Provided material:

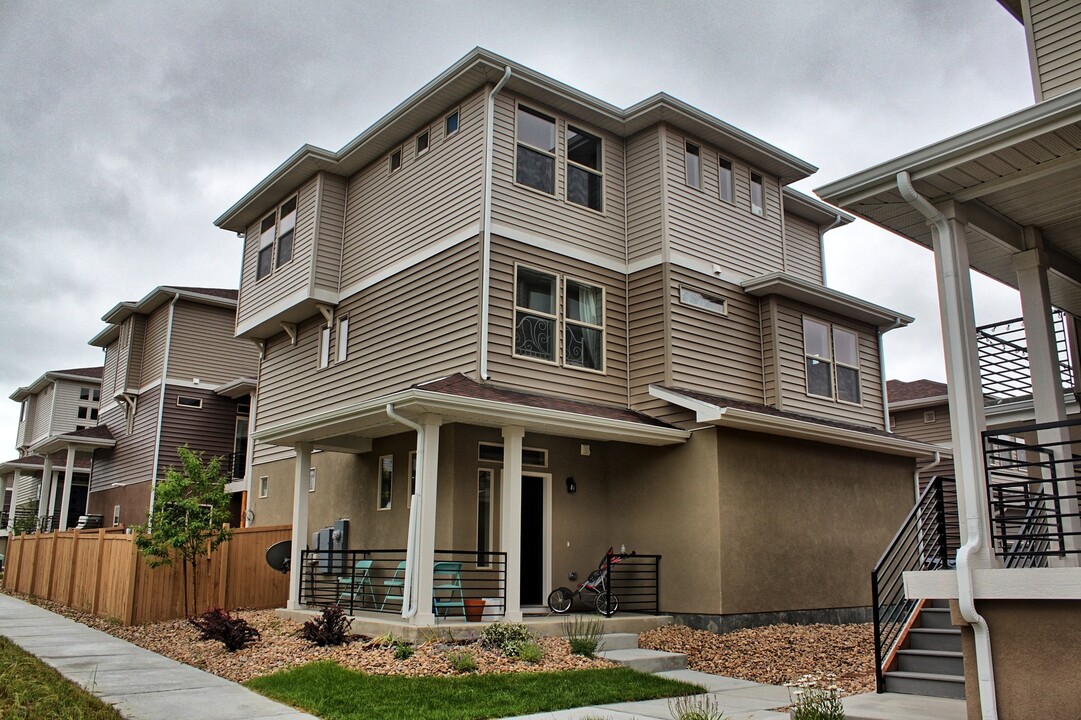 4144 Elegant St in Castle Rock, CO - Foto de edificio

---

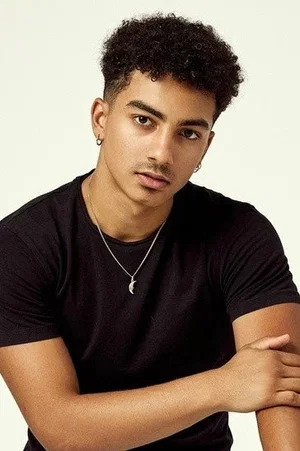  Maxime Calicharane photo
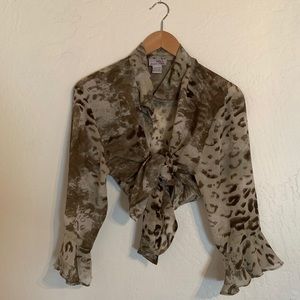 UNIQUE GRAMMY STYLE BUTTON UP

Aim of the exercise: Take the material above and output only the lines from the one that contains "Maxime Calicharane photo" through the one that contains "UNIQUE GRAMMY STYLE BUTTON UP", ends included and images left out.

Output for this exercise:
  Maxime Calicharane photo
 UNIQUE GRAMMY STYLE BUTTON UP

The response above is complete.